Kerala reports 4 cases of Nipah virus, 2 deaths. What we know so far
Mass testing will begin in the area where the latest cases of the Nipah virus were found and some quarantine measures have been put in place.
Kerala has recorded four cases of Nipah virus, of which two recently succumbed to the infection, state health minister Veena George on Tuesday. The minister confirmed that the recent “unnatural deaths” in Kozhikode district were caused by the deadly brain-damaging Nipah virus.
The samples sent for testing to the National Institute of Virology in Pune were of one of the deceased and four of his kin. The minister said that three of the five samples have tested positive – one of the deceased and two other people who are undergoing treatment, including a nine-year-old boy.
"The person who died on August 30 suffered from liver sclerosis. He had some comorbidities. His death was seen as a result of complications from his comorbidities. But when his relatives and primary contacts showed unnatural fever and other symptoms, that's when we began surveillance," said George.
An official from the virology institute said that one person infected with the Nipah virus died this month while the other death occurred on August 30, reported Reuters.
This is the fourth Nipah outbreak in Kerala since 2018. Twenty one of the 23 infected people died when Kerala first reported the Nipah outbreak in 2018. In 2019 and 2021, Nipah claimed two more lives.
The virus is transmitted to humans through direct contact with the bodily fluids of infected bats, pigs or other people. It was first identified in 1999 during an outbreak of illness affecting pig farmers and others in close contact with pigs in Malaysia and Singapore.
There are no treatments or vaccines against the virus.
Confirming that the Nipah virus was behind the two deaths in Kozhikode, Union health minister said a central team of experts has been sent to Kerala to take stock of the situation and assist the state government in the management of the infection.

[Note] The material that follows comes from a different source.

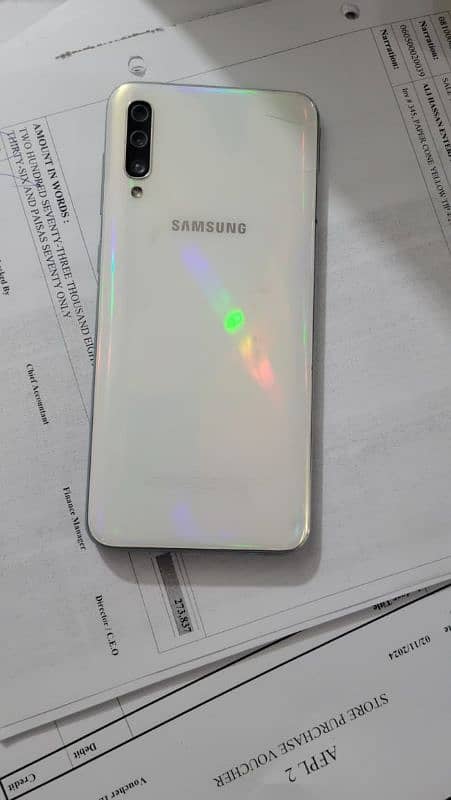 Samsung A50 Mobile 6 GB 128 GB PTA Approved good for use 4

"I have spoken to the health minister of Kerala, there have been reports of this virus several times this season. Cases are coming up, this virus is spread by bats. A guideline has been prepared by the health ministry regarding this so that we can take precautions," Mandaviya said.
Earlier in the day, Kerala chief minister Pinarayi Vijayan said in a video message that the state government is viewing the two deaths very seriously. The chief minister advised people to exercise caution and said there was no reason to worry as those who were in close contact with the deceased were under treatment.
"There is nothing to worry about. Those who were in contact with the deceased are being traced and treated. Being careful is the key to tackling the situation. Everyone is requested to cooperate with the action plan prepared by the health department," he said.